Note: This is a re-post of our Luce review from the 2019 Sundance Film Festival. The film is now playing in limited release.
I’m not sure I’ve ever seen a film about identity quite as challenging or difficult as Luce. Discovering who we are on this Earth is a part of growing up, but it’s admittedly riddled with added complications for minorities of all kinds. Luce follows the unique track of a former child soldier from Eretria who was adopted by a pair of affluent white individuals and raised to overcome his trauma. Now a shining star high school student, a series of revelations force the titular character’s parents, teachers, and fellow students to confront not only their preconceived notions of the man, but the man they believe (and want) him to be.
Based on the play of the same name by J.C. Lee, Luce opens with the titular character (played by Kelvin Harrison Jr. in a star-making role) giving a speech at his school. He is optimistic, charismatic, and good-natured. A model student. In fact after the event, the principal jokingly asks Luce’s adoptive parents Amy (Naomi Watts) and Edgar (Tim Roth) how they can clone the boy. Everything seems idyllic, until Luce’s U.S. History and Government teacher Harriet (Octavia Spencer) asks Amy to meet in her office to discuss a paper Luce wrote. The assignment was to assume the point of view of a figure from history and write an essay. Luce chose Frantz Fanon, a political radical who advocated violence to make a point, spurring Harriet to search Luce’s locker where she found illegal fireworks.
Amy and Edgar consider how and whether to confront Luce about this issue, all the while he discovers what’s up and visits Harriet, vaguely but chillingly threatening her… or maybe not. Indeed, Luce is told from the points of view of the parents and teachers, not Luce himself. It’s a brilliant decision because the audience is left guessing who’s right, who’s wrong, and what’s truthful. The stereotypes imposed on Luce—as a model student, a young black man, and a former child soldier taken in and “acclimated” by white savior parents—are on full display, and the tension builds and builds to the point that you almost feel like you’re watching a horror movie.
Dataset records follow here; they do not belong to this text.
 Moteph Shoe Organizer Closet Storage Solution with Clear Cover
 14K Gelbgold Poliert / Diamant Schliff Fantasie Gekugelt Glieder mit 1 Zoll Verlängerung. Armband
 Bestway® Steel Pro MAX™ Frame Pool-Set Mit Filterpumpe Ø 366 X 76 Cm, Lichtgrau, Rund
Julius Onah directs the hell out of this thing. While Onah’s voice was fairly unrecognizable in The Cloverfield Paradox, his attention to detail in Luce is meticulous and calculated. The score by Geoff Barow and Ben Salisbury, meanwhile, is inspired and stress-inducing.
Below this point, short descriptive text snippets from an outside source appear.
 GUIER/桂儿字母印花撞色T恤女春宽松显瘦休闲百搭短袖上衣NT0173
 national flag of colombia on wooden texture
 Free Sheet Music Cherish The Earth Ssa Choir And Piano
Luce is a film that keeps you guessing, but for all the right reasons. The plot is intriguing to be sure, and you want to know whether Luce is actually the model student he’s portrayed as or if he has more violent underpinnings, but the plot is in service of the film’s examination of stereotyping and identity. How do stereotypes affect those upon whom they’re imposed? What happens when we make assumptions about someone’s life, only to realize we were mistaken? Do we apologize or do we double down? And more importantly, why? Luce offers no easy answers, and isn’t tied only to racial stereotyping—there’s a sexual assault subplot that is as harrowing as it is true to life. Luce is a challenging, difficult film anchored by a groundbreaking performance from Harrison Jr. that forces us to confront hard truths about the world we live in, and whether best intentions matter if the end result is a mess.
Harrison Jr. is downright phenomenal in the lead role, playing the “model student’ perfectly but also letting on that there’s something of a façade in place that masks the horrors he endured as a child. The performance calls for the character to be ambiguous, terrifying, and empathetic all at once, and Harrison Jr. positively nails it. Octavia Spencer, meanwhile, delivers one of the best performances of her career thus far as a concerned teacher and advocate for civil rights who has her own ideas about how best to prepare young African-Americans for the future. There’s a confidence to her character that is assuring, but Spencer makes sure to layer in how years of fighting injustice have taken a toll on Harriet. Watts and Roth are no slouches either, and indeed while Luce is based on a play and the screenplay calls for a lot of conversations, Onah does a terrific job of keeping the film cinematic.
Luce is a movie that offers no easy answers, even with its conclusion. In that way, it reflects the real world, and forces the audience to think more critically about decisions we make—both reflexive and consciously—on a daily basis. It’s challenging in the best way, anchored by a tremendous ensemble.